Q: You’re originally from L.A., and, as I understand it, you’ve been teaching since you were about 5 years old? Do you think being in a big city such as Los Angeles helped you at all as an up-and-coming dancer? MS: Definitely. I did all of my training at Long Beach ballet, but since I’ve become more of a freelance dancer I’ve found four or five studios up in L.A. that I take class at with other professionals. That kind of helps me be inspired and grow as a dancer. I just pretty much take ballet. During this process I tried to expand my vocabulary a little bit, but ballet is definitely the one thing that I work at every day.


Q: Is there any new genre you’re a little nervous to learn, maybe one you’re not as familiar with? MS: Yeah, I’m nervous. There’s no ballet on this program, so every genre is going to be a challenge for me. I think hip-hop is the furthest from what I’m used to, so that intimidates me a little bit. I’m a nice, little white ballerina girl, so trying to be ghetto and doing hip-hop will be a struggle, but I’m just going to have fun and do my best.

Q: Do you have any favorite spots to go dancing or to train in Los Angeles? MS: Besides Long Beach, I take class at Dance Arts Academy right here on La Brea and also the Colburn is a really great school, and they have professional-level classes there as well. Westside Academy in Santa Monica, I take there as well. Those are my hot spots I like to train at.

Q: You’re the oldest contestant on the show, which might be hard, but you also obviously have the upper hand when it comes to experience. Is your age a double-edged sword? MS: I think it gives me both [an advantage and a disadvantage]. I’m feeling comfortable performing. Of course, I’m used to performing for huge houses where you dance to the balcony, but this is very different in that you’re dancing to a little camera lens and trying to bring everything into that camera. I think also, just trying to keep up my energy and maintain my body is harder being the older contestant, but so far, so good.

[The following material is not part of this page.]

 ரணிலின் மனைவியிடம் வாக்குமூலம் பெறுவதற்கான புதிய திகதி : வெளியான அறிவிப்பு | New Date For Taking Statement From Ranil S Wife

Q: Had you watched the show in previous years and/or tried out for the show before? MS: This is my first time auditioning. A lot of these contestants have tried many times, so I feel kind of flattered and honored that I made it through the first time all the way. I watch the show religiously, all seasons, and it just finally got to the point where, ‘All right, we need a ballerina on here. I’m ready to do it.’ My students and my husband were like, ‘I think it’s your year. I think you need to do it.’ They kind of nudged me into it.

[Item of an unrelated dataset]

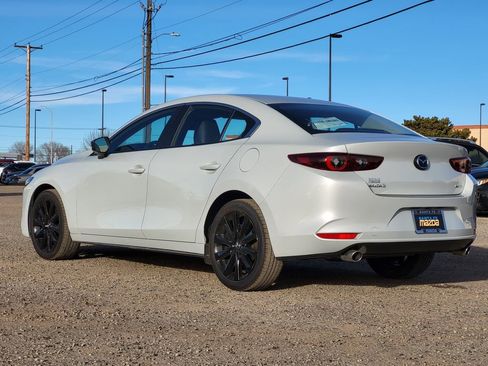 Used 2025 MAZDA MAZDA3 s image 7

Q: What do you think the show will do for your career? MS: I’m just hoping to open some doors. I’ve been stuck in the ballet world, and I would love to branch out. Just getting this exposure is great to continue my career in a different direction, whether it be more commercial dance or working in television. Just that exposure and new opportunity.

Q: Are you nervous about the televised aspect of the show and the judges’ feedback? MS: There are so many ways to be distracted here. I can’t separate myself like I can in a big theater, where you can’t see the audience and hear everything around you. You can see the judges watching you. You can see the fans right there screaming for you. There are lots of distractions. I just have to try and stay centered and focused. As far as the criticism, I can handle criticism because I’ve been doing it in the ballet world my whole life, but to have the world hear it also … I want it all to be good. I don’t want to have people hear anything negative about me because that does affect how they vote and how they think about you. That’s a little nerve wracking.